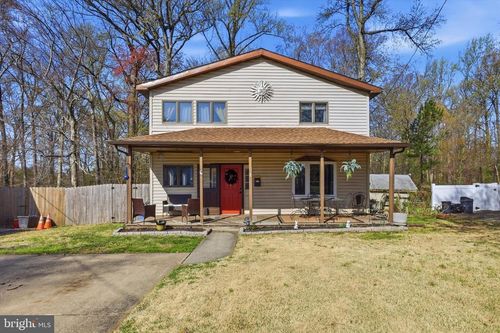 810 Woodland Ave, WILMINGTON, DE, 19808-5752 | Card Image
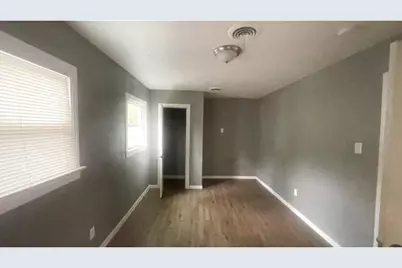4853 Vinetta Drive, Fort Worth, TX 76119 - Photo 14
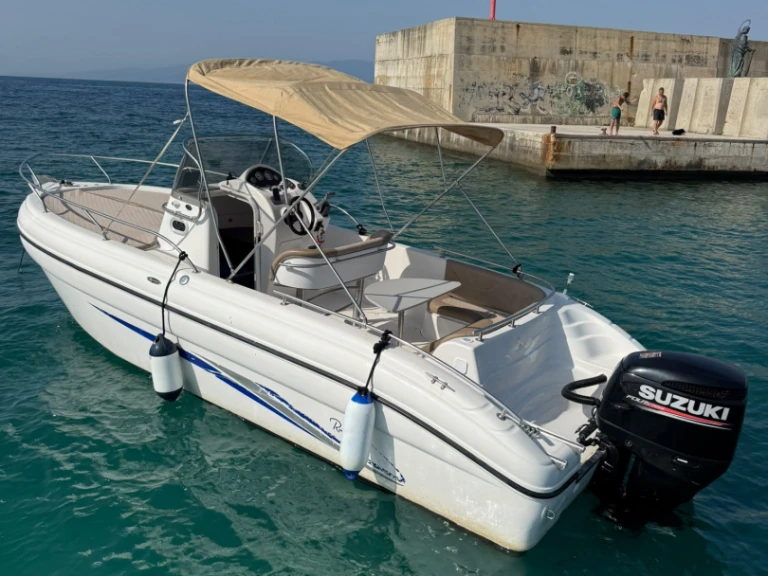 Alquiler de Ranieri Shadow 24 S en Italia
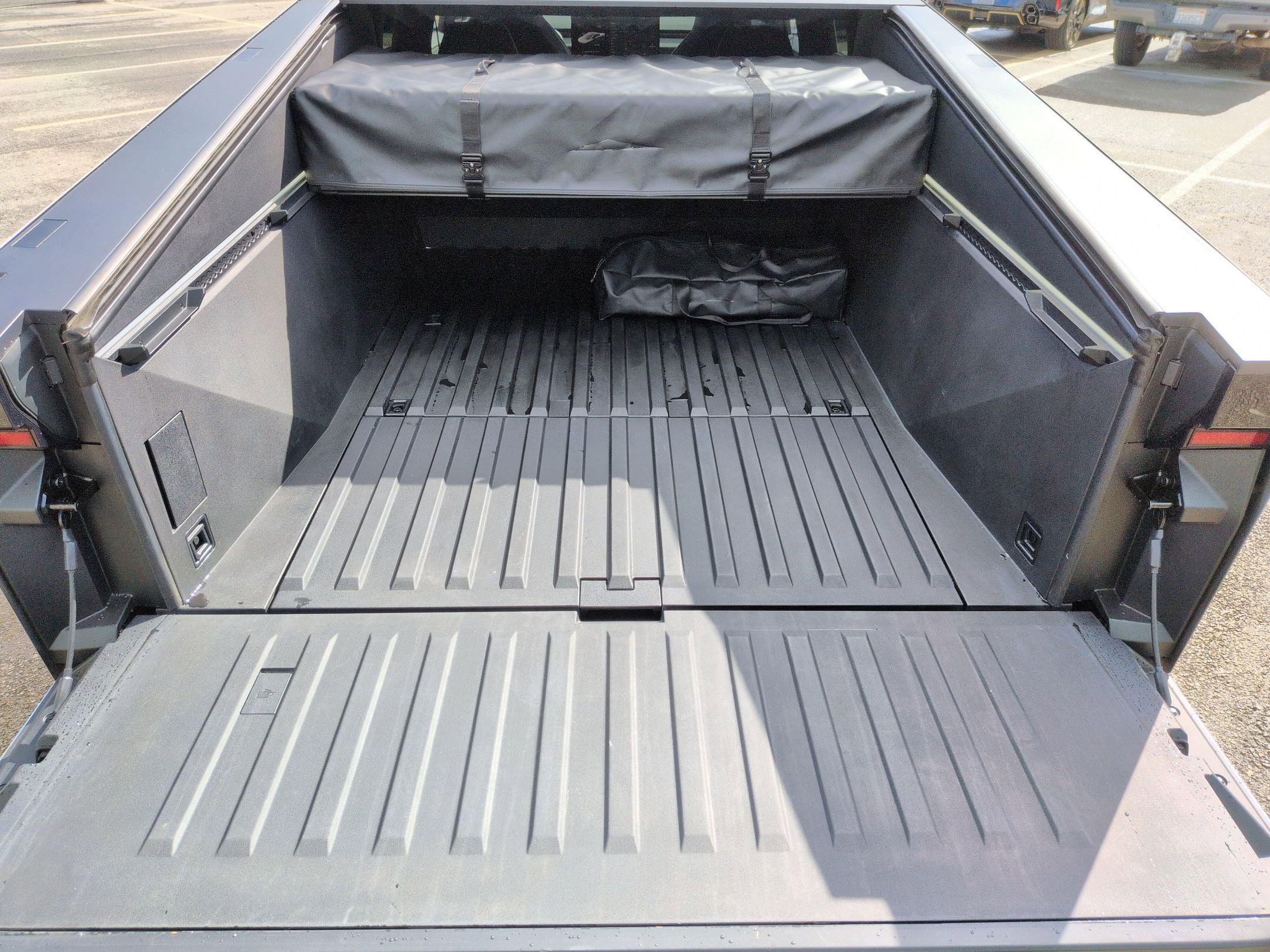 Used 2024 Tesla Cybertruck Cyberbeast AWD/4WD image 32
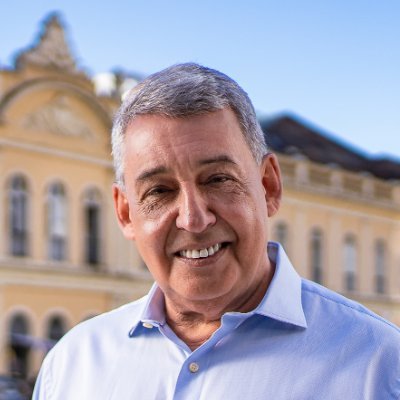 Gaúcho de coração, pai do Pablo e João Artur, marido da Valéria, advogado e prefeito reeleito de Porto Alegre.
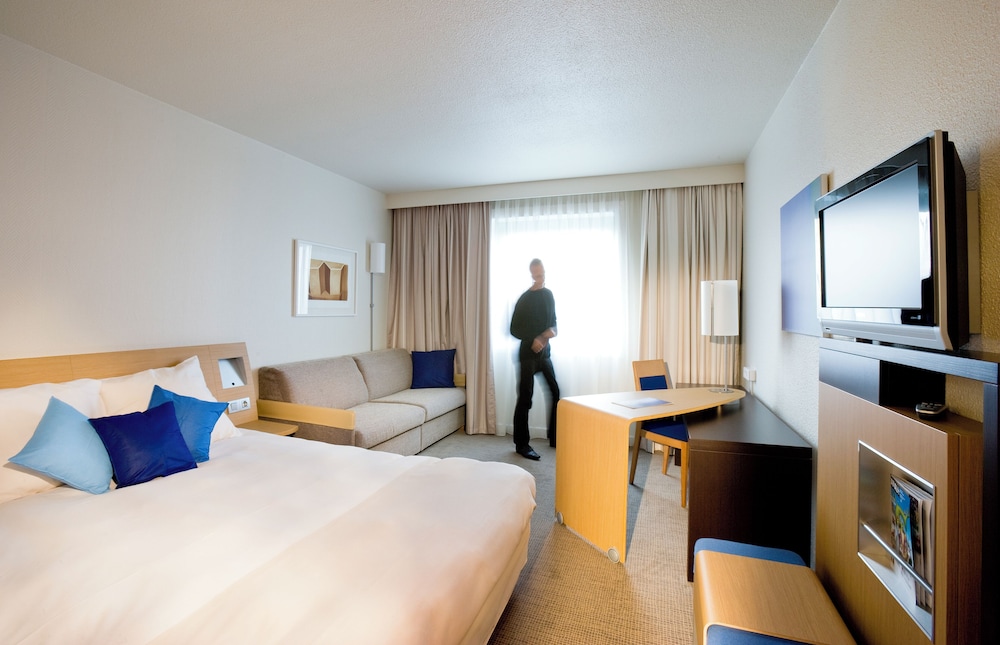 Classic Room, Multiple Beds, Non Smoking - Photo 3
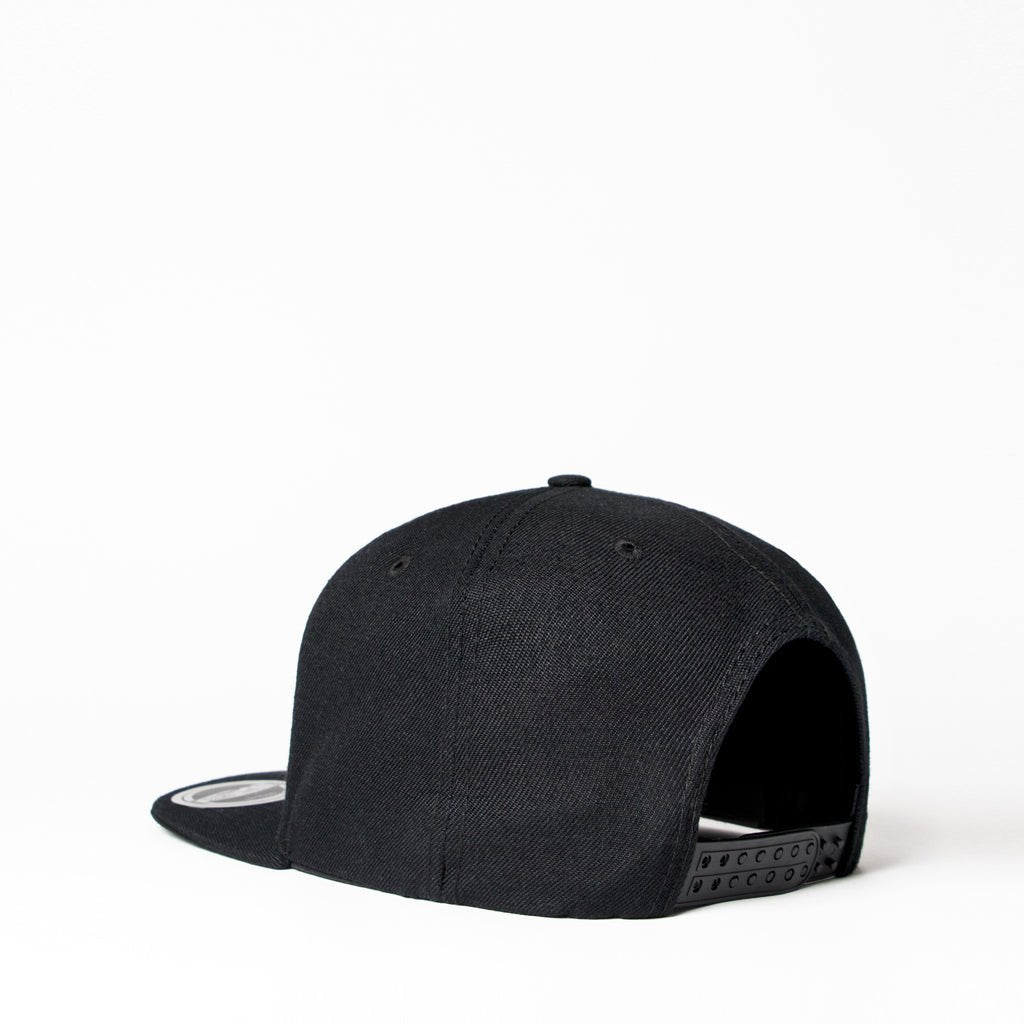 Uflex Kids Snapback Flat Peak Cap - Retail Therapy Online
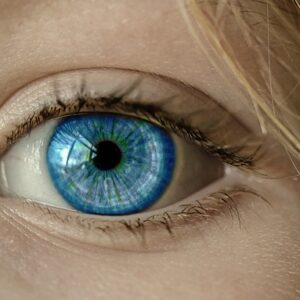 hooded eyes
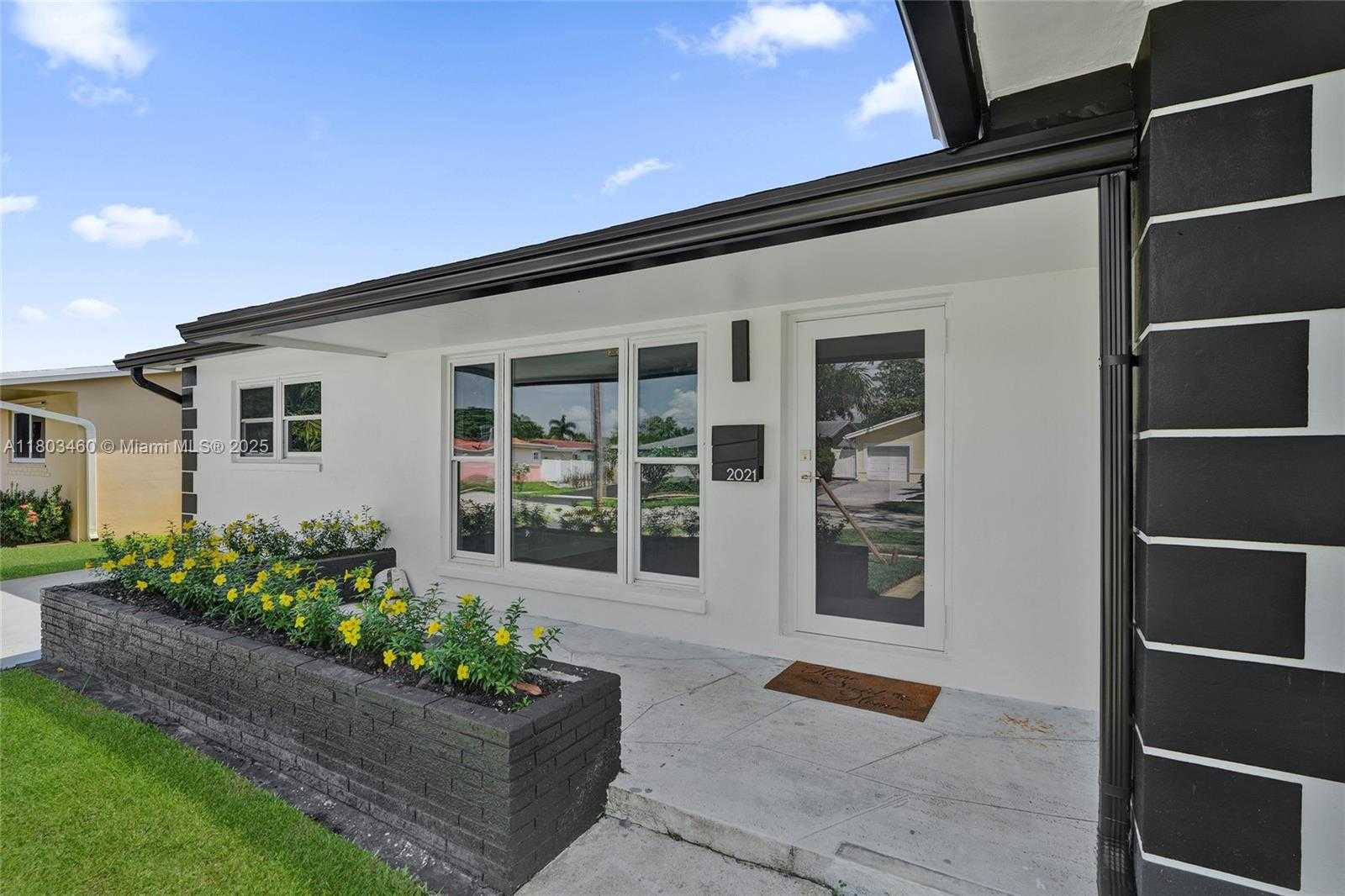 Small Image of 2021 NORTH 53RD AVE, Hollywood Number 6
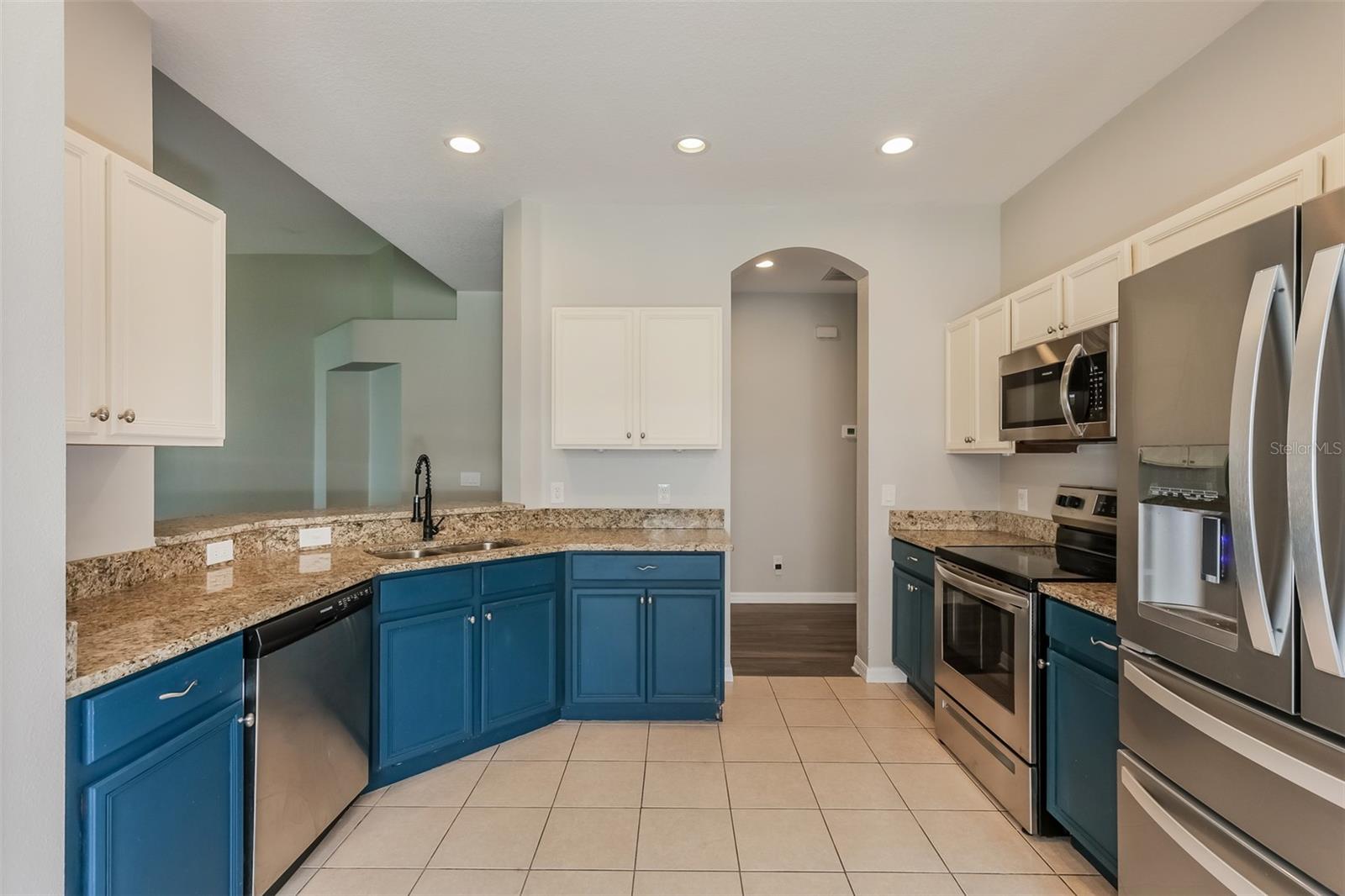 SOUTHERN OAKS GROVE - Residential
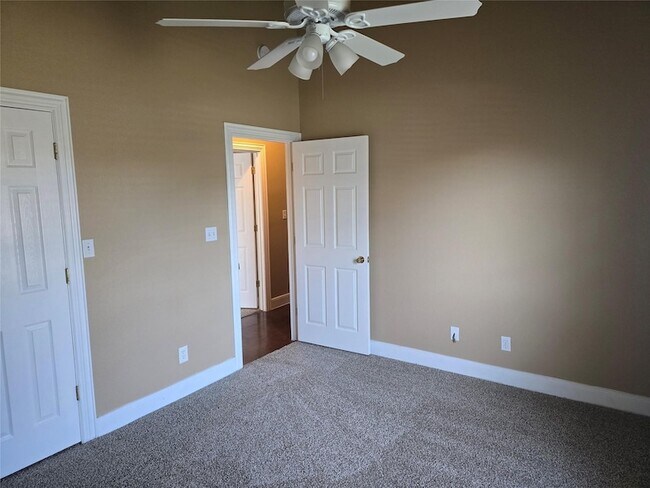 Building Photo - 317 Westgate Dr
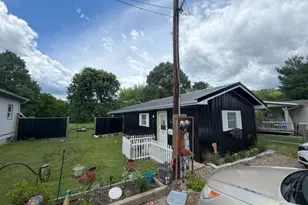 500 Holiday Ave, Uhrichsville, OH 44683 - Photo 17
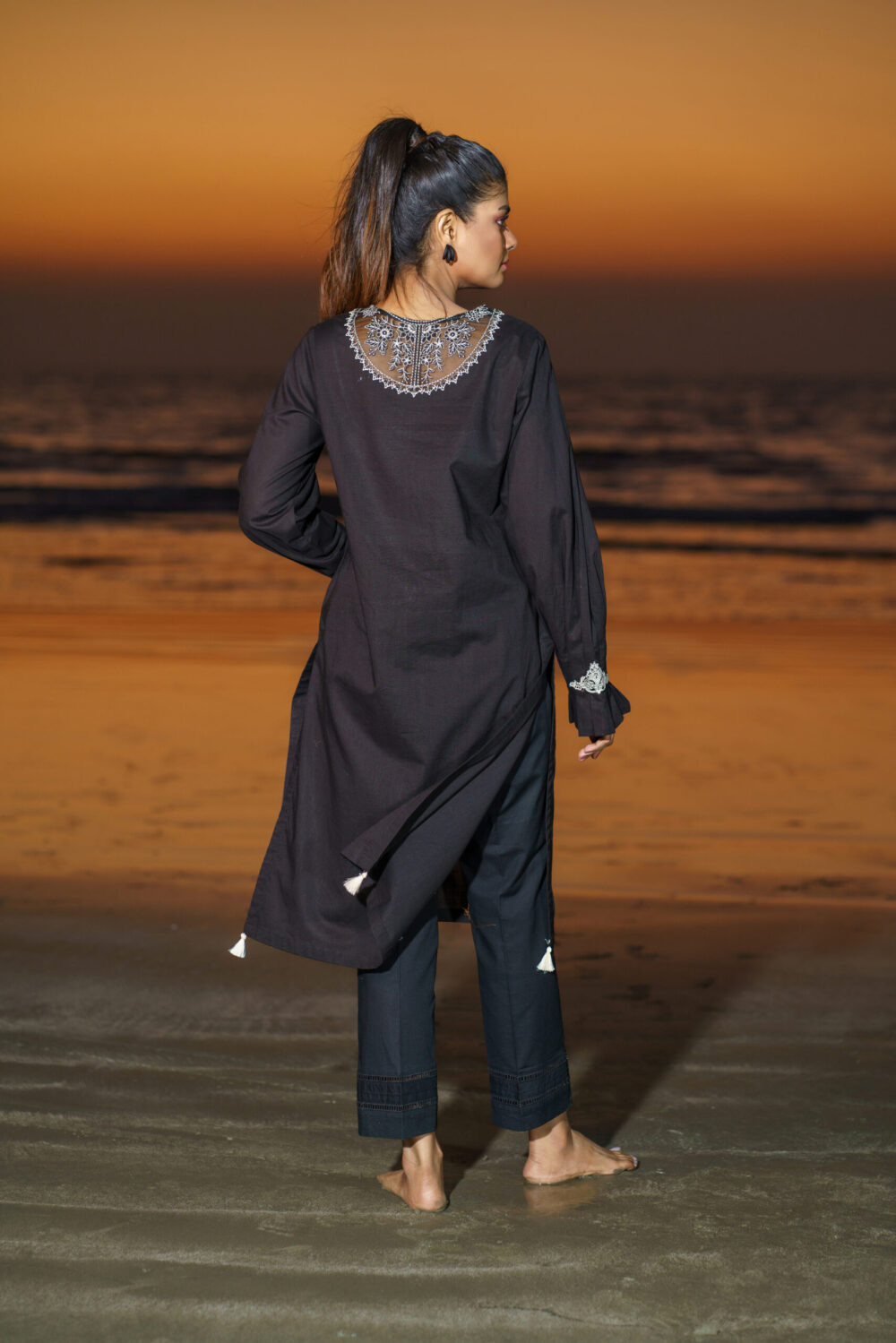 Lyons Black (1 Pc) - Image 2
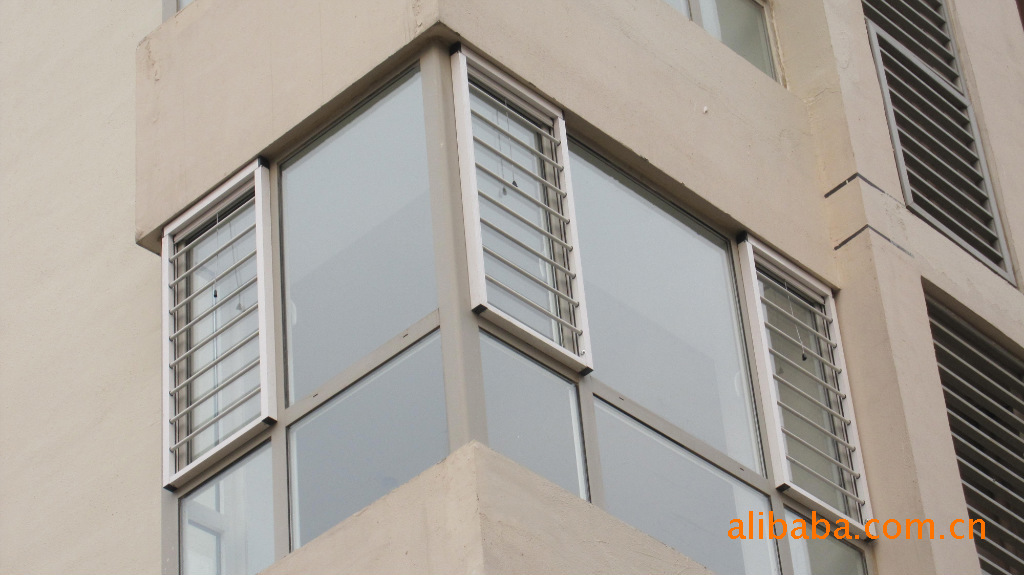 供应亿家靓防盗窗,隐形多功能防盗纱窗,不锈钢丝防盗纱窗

——————

WHAT TO WORK ON:
Set down word for word every line from the line containing "Uflex Kids Snapback" through the last line of the entries, and nothing more; no pictures.

TASK RESULT:
 Uflex Kids Snapback Flat Peak Cap - Retail Therapy Online
 hooded eyes
 Small Image of 2021 NORTH 53RD AVE, Hollywood Number 6
 SOUTHERN OAKS GROVE - Residential
 Building Photo - 317 Westgate Dr
 500 Holiday Ave, Uhrichsville, OH 44683 - Photo 17
 Lyons Black (1 Pc) - Image 2
 供应亿家靓防盗窗,隐形多功能防盗纱窗,不锈钢丝防盗纱窗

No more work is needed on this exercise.